The period of “counting the Omer”, connecting Pesach and Shavuot, symbolizes the upward movement from physical freedom (the Exodus from Egypt) towards spiritual liberation (the giving of the Torah). The Torah emphasizes the importance of the daily counting by means of the command to number the days in their own right, thereby expressing the importance of each and every day – not only the final aim of the process as a whole.
As we know, the mourning customs that are observed during this period cease – in many communities – on Lag Ba-Omer, and do not continue until the end of the counting, on Shavuot. This is so despite the fact that the Gemara teaches that the plague that struck down the thousands of students of Rabbi Akiva – which is the reason for our mourning during this time – continued throughout the Omer period, from Pesach until Shavuot.

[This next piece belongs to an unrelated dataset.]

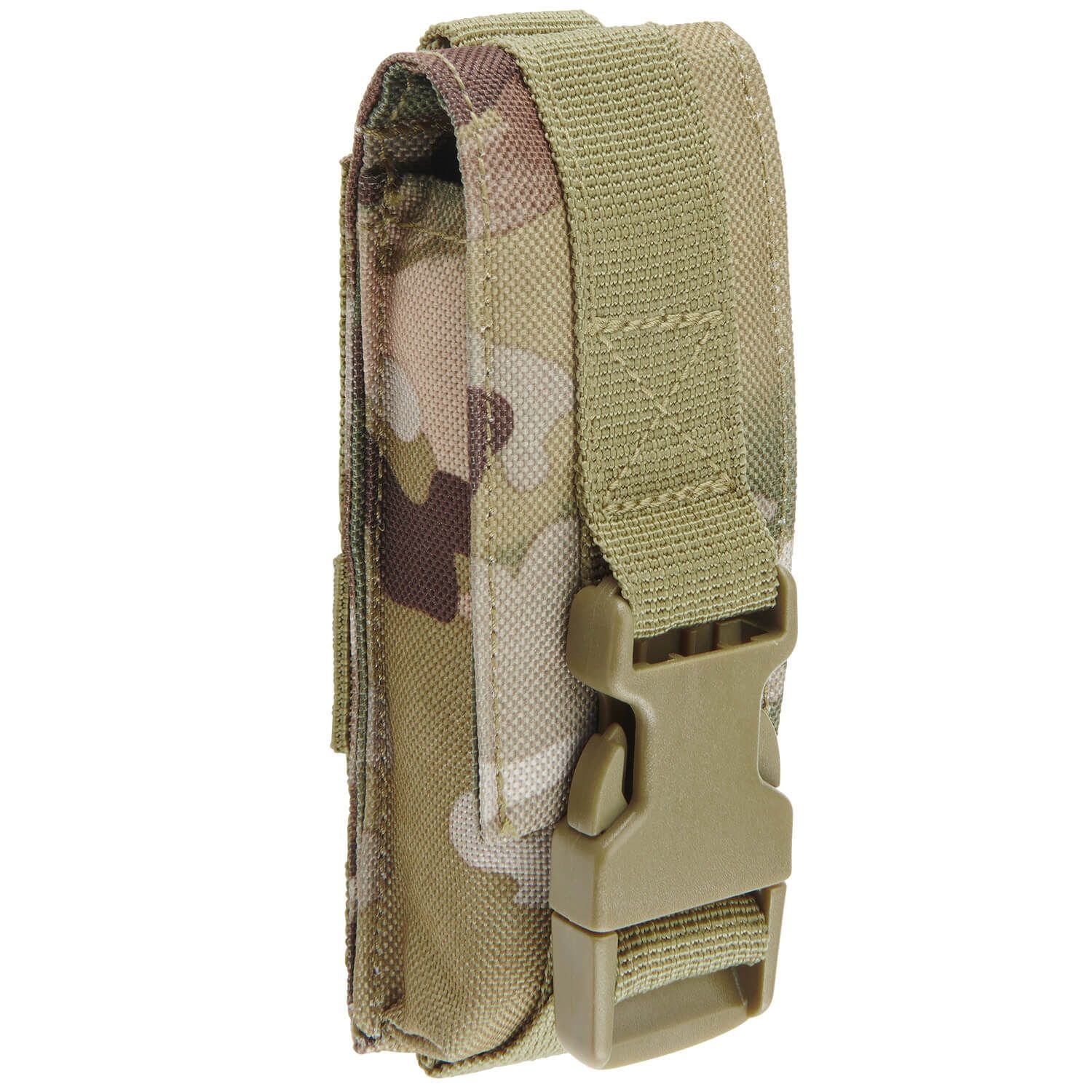 Molle Multi Pouch Modular Tasche Medium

The somewhat technical-sounding reason for this is that Lag Ba-Omer (literally, “the 33rd day of the Omer”) is the anniversary of R. Shimon bar Yohai’s death – an occasion that was adopted as a special, holy day in the middle of the Omer period, and which ends the mourning customs traditionally observed until that day. But the connection between Rabbi Shimon bar Yohai and the death of Rabbi Akiva’s disciples is not clear: why should it be this day that indicates the conclusion of our mourning for 24,000 Torah sages? Why not Yom ha-Atzma’ut? Or Yom Yerushalayim? Is there something special about Lag Ba-Omer beyond its marking the “yahrzeit” of Rabbi Shimon bar Yohai?
Counting the days that have passed since the bringing of the Omer sacrifice – rather than the number of days remaining until Shavuot – expresses, as we have said, the importance of each day as another step in our ascent. The number of days that we have lived and experienced, ascended and progressed, is more important, in this sense, than the number of days remaining.
What is the “ascent” that we are supposed to make on the path towards Shavuot? Apparently, it is connected to the giving of the Torah, preparing for it, preparing ourselves. The preparation for the giving of the Torah takes place, first and foremost, in the heart of every individual. Every person must work to ready his heart to accept the yoke of heaven. A person must be able to relinquish certain wants, to accept authority, to bend, to be prepared sometimes to do without understanding, etc. Lag Ba-Omer (the 33rd day of the Omer) comes after 32 days (in Hebrew numerology, “lev” – a heart) of counting, and precedes the 17 (“tov” – good) days that are left. The total number of days we count hints at the preparation that is necessary for receiving the Torah: a “good heart”. Lag Ba-Omer is located after we have completed the stage of the “heart”, hinting at the rectification and preparation of the all the good that is in him in order to reach the level of standing at Mount Sinai. This stage cannot take place in the atmosphere of mourning that has surrounded us thus far, and therefore we curtail it.
Lag Ba-Omer, then, is located at a most significant point in the Omer period; it marks the transition that takes place within a person who engages in this counting, from a state of contracting and correcting oneself to one of ascent and elevation towards the spiritual climax – the festival of the giving of the Torah!